YOUR ASSIGNMENT: No picture should appear in the copy. Transcribe exactly, and only, the lines from the one with "RARE Star Wars" through the last line of the data below.

[Stored items from a collection]
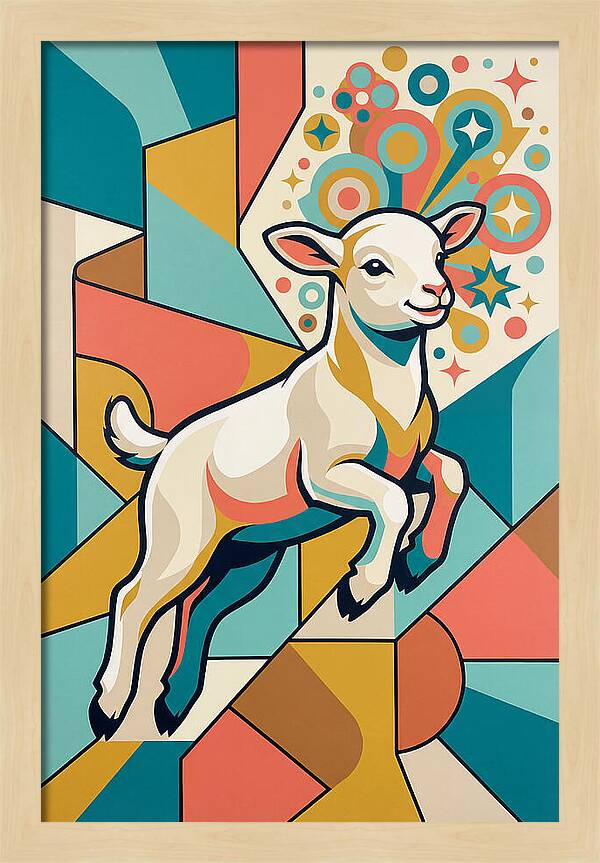 Lively Lamb In Vibrant Colors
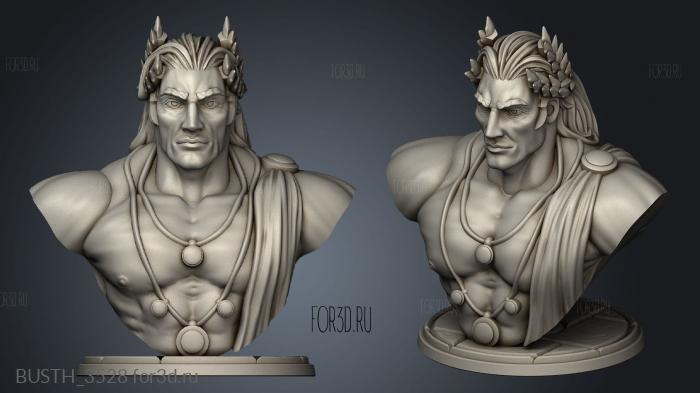 Ulysses God Emperor stl model for CNC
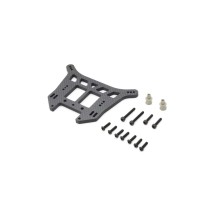 Soporte de amortiguador trasero MP10T carbón Kyosho K.ISW202B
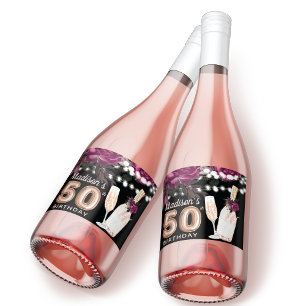 Black Wine Luxury 50º aniversário Personalizado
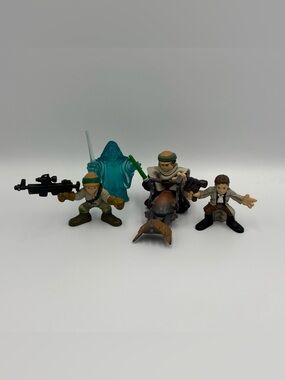 RARE Star Wars Galactic Heroes Endor Figures- Luke Skywalker Han Solo Palpatine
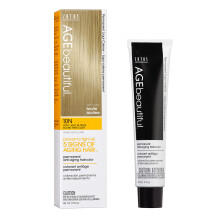 AGE mooie Permanente Haarverf Liqui Creme | 100% grijsdekking | Anti-aging haarkleuring | Biotine voor dikker, voller haar | Professionele salonkleur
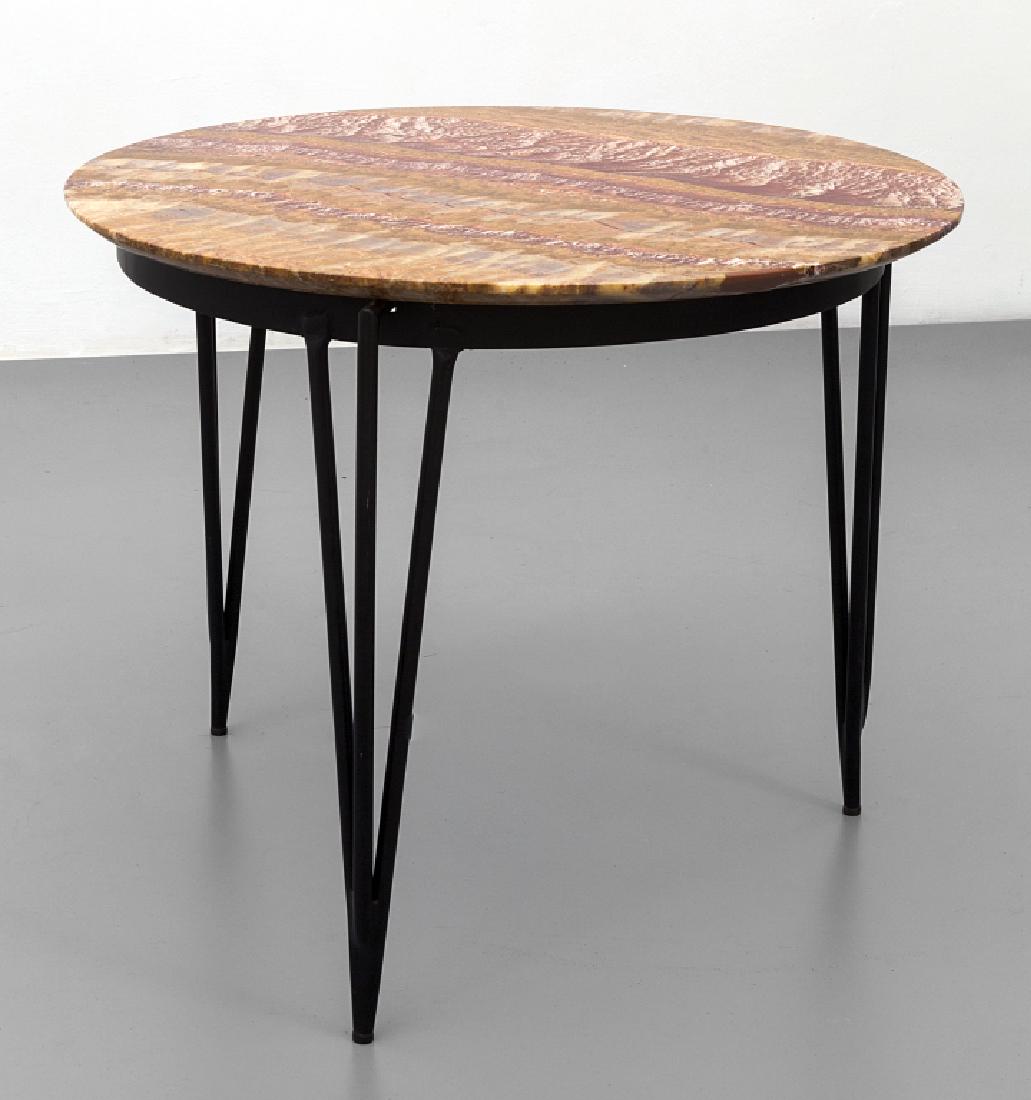 UN TAVOLINO, anni '50.  Ferro verniciato, (1 of 1)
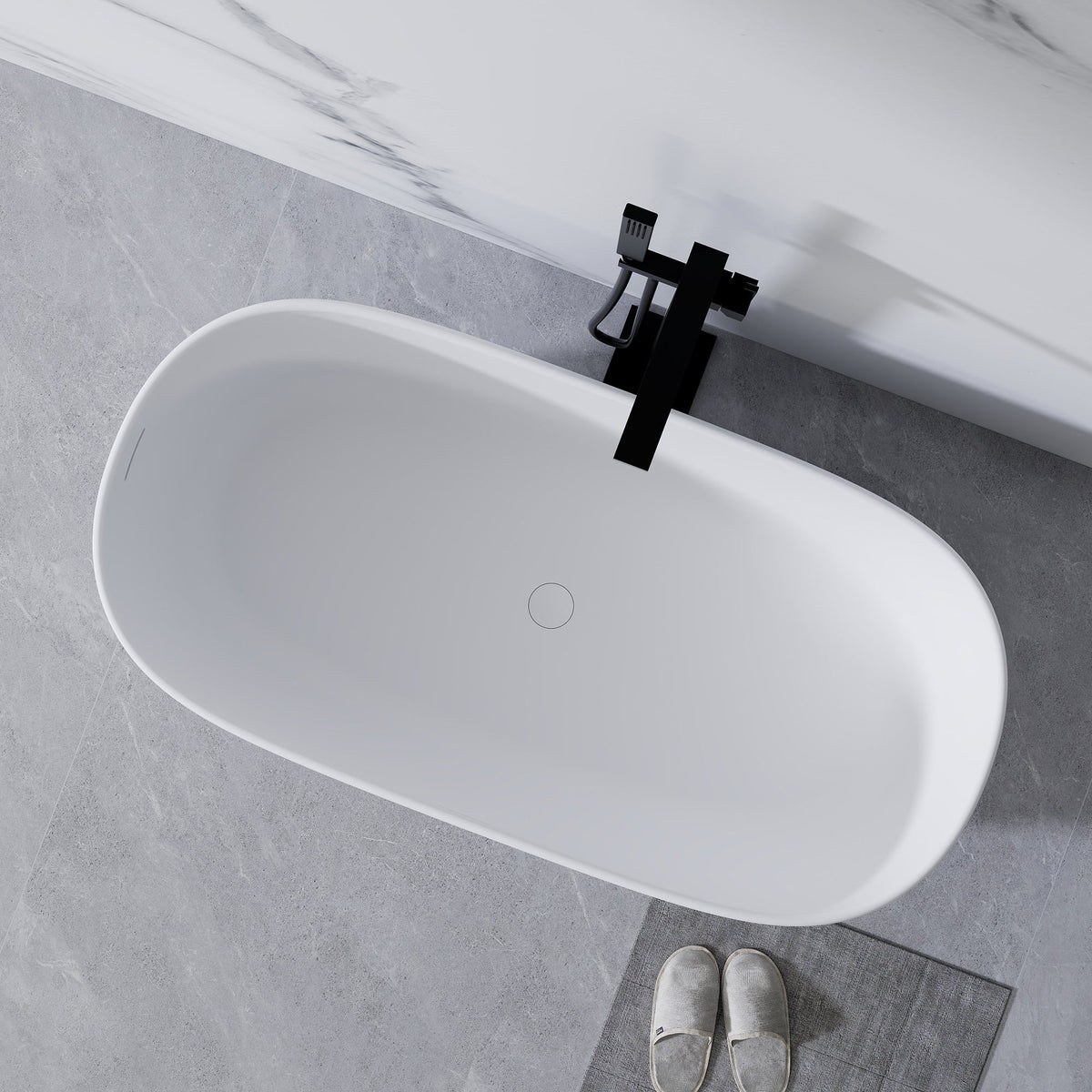 LILYA 51'' Freestanding Bathtub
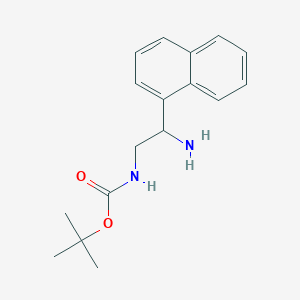 molecular formula C17H22N2O2 B8712439 1,1-Dimethylethyl [2-amino-2-(1-naphthalenyl)ethyl]carbamate 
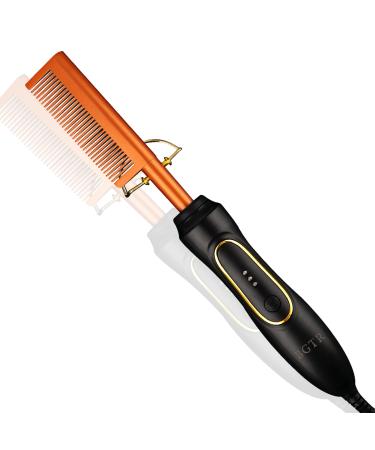 Portable Travel Anti-Scald Beard Straightener Press Comb Electric Hot Comb Hair Straightening Heat Pressing Comb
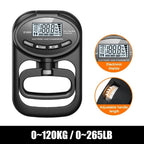 Precise hand-held measuring device for grip force measurement up to 120 kg
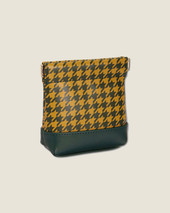 Houndstooth Patch Spring Mouth Pouch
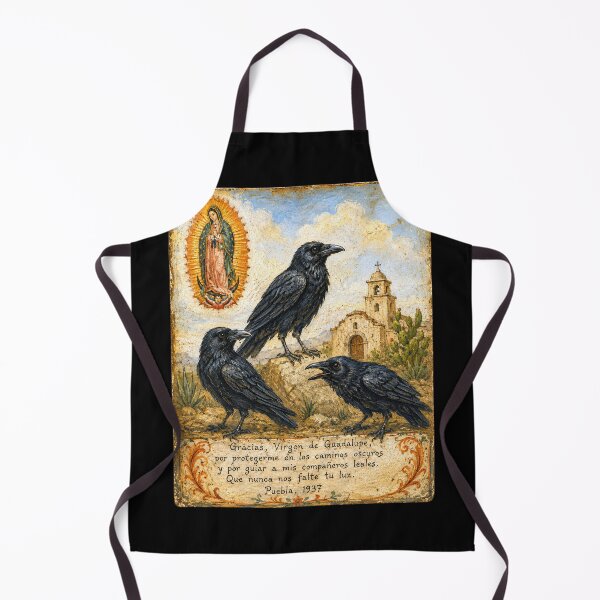 Item preview, Three Ravens Mexican Ex-Voto Folk Art designed and sold by newnomads-art.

OUTPUT OF THE TASK:
 RARE Star Wars Galactic Heroes Endor Figures- Luke Skywalker Han Solo Palpatine
 AGE mooie Permanente Haarverf Liqui Creme | 100% grijsdekking | Anti-aging haarkleuring | Biotine voor dikker, voller haar | Professionele salonkleur
 UN TAVOLINO, anni '50.  Ferro verniciato, (1 of 1)
 LILYA 51'' Freestanding Bathtub
 molecular formula C17H22N2O2 B8712439 1,1-Dimethylethyl [2-amino-2-(1-naphthalenyl)ethyl]carbamate 
 Portable Travel Anti-Scald Beard Straightener Press Comb Electric Hot Comb Hair Straightening Heat Pressing Comb
 Precise hand-held measuring device for grip force measurement up to 120 kg
 Houndstooth Patch Spring Mouth Pouch
 Item preview, Three Ravens Mexican Ex-Voto Folk Art designed and sold by newnomads-art.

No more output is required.